◆ Data listing

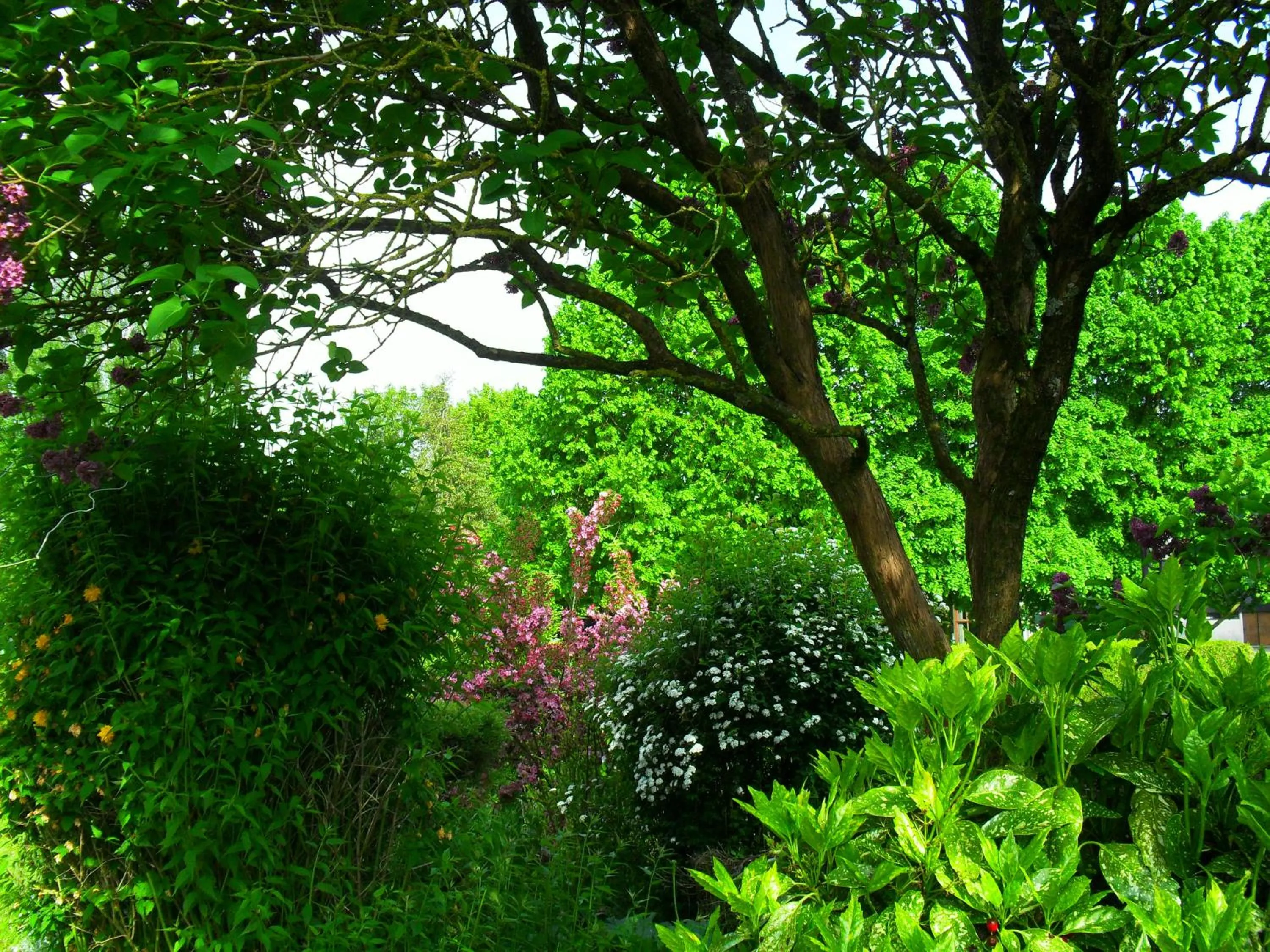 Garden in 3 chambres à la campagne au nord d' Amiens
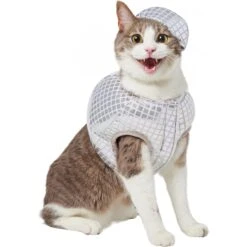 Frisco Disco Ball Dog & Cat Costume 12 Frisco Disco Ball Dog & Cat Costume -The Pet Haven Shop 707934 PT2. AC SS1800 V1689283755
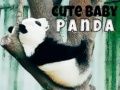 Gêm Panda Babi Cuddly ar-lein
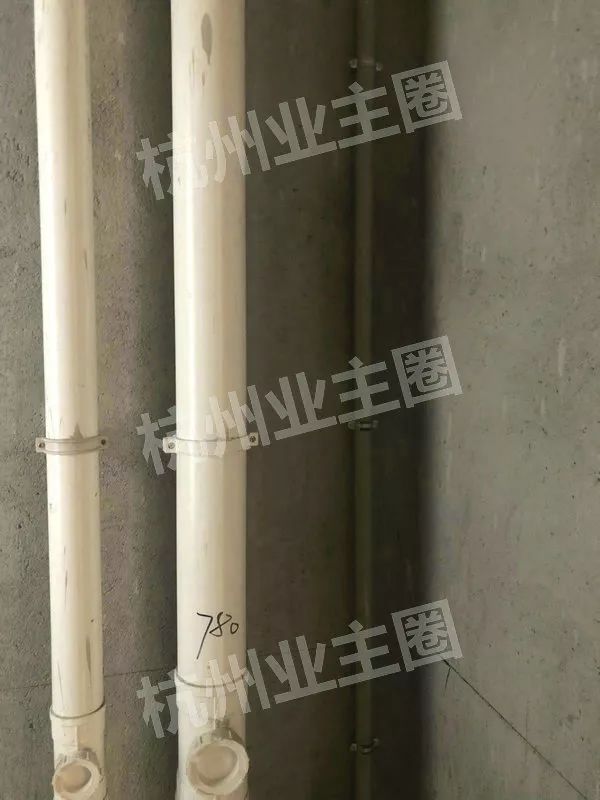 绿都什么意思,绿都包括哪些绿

* * *

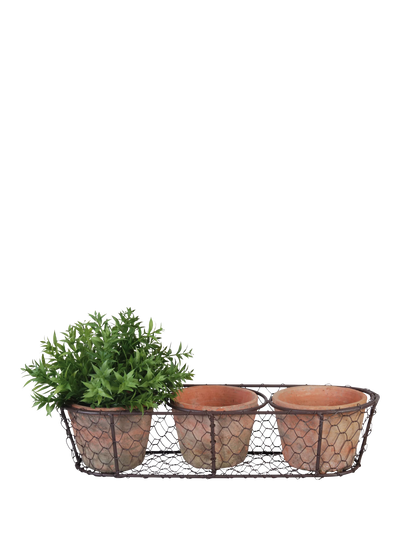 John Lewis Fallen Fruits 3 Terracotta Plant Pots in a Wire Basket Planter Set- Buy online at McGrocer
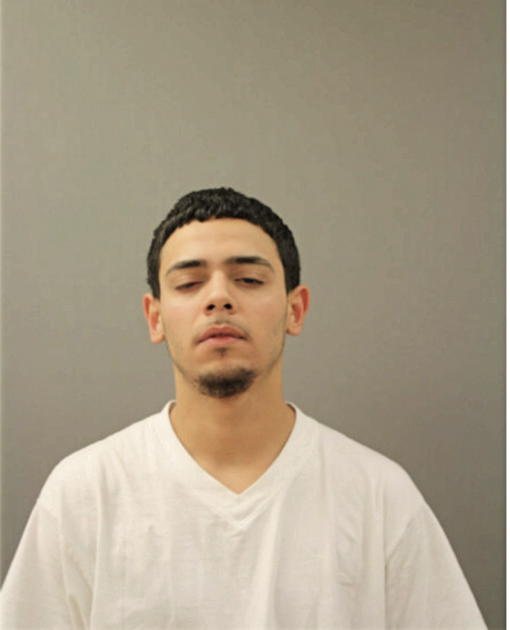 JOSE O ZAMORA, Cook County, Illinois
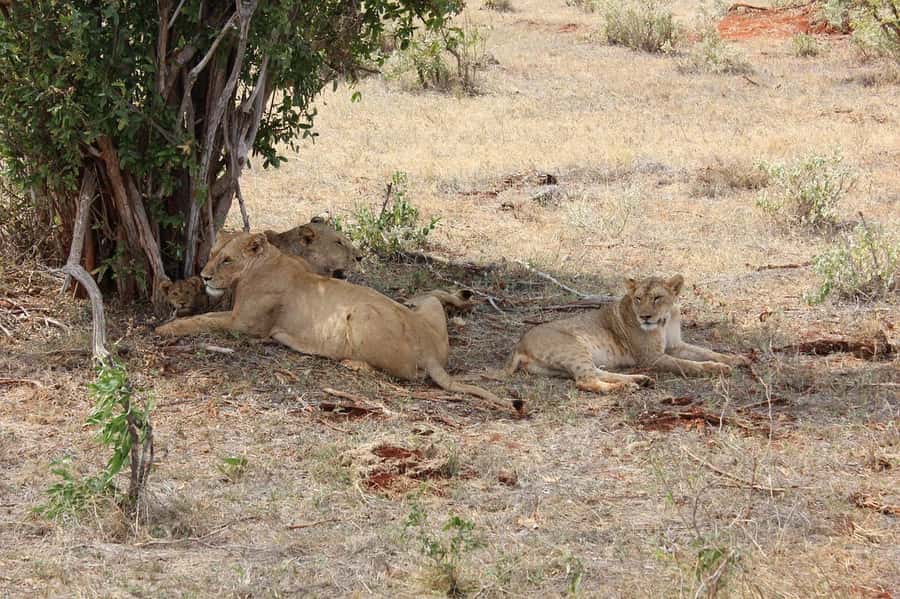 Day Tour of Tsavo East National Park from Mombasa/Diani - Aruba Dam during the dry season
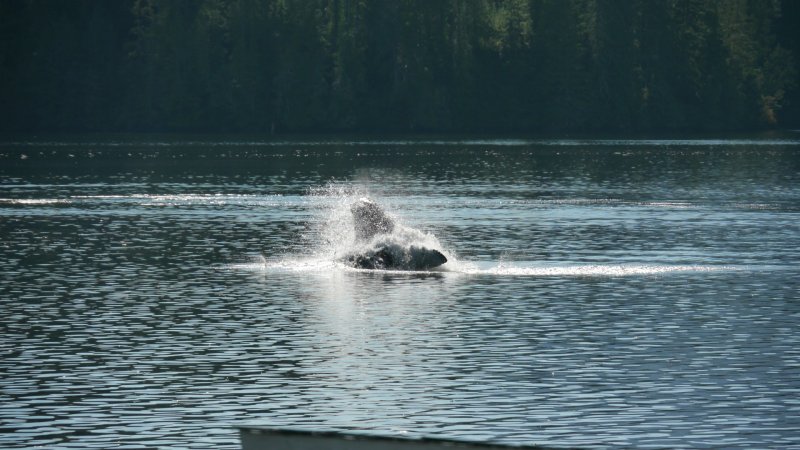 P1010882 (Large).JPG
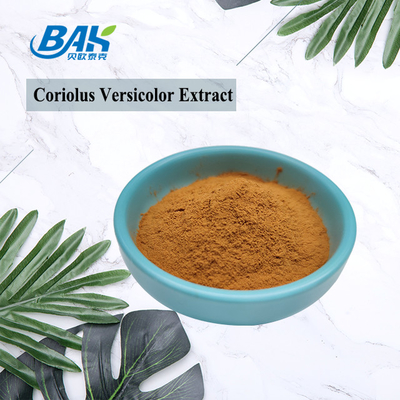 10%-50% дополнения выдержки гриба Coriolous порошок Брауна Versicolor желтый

◆ Activity
Nothing except the lines from the one containing "Garden in 3" through the one containing "绿都什么意思,绿都包括哪些绿" should appear in the answer, exactly as above and without pictures.

◆ Task answer
 Garden in 3 chambres à la campagne au nord d' Amiens
 Frisco Disco Ball Dog & Cat Costume 12 Frisco Disco Ball Dog & Cat Costume -The Pet Haven Shop 707934 PT2. AC SS1800 V1689283755
 Gêm Panda Babi Cuddly ar-lein
 绿都什么意思,绿都包括哪些绿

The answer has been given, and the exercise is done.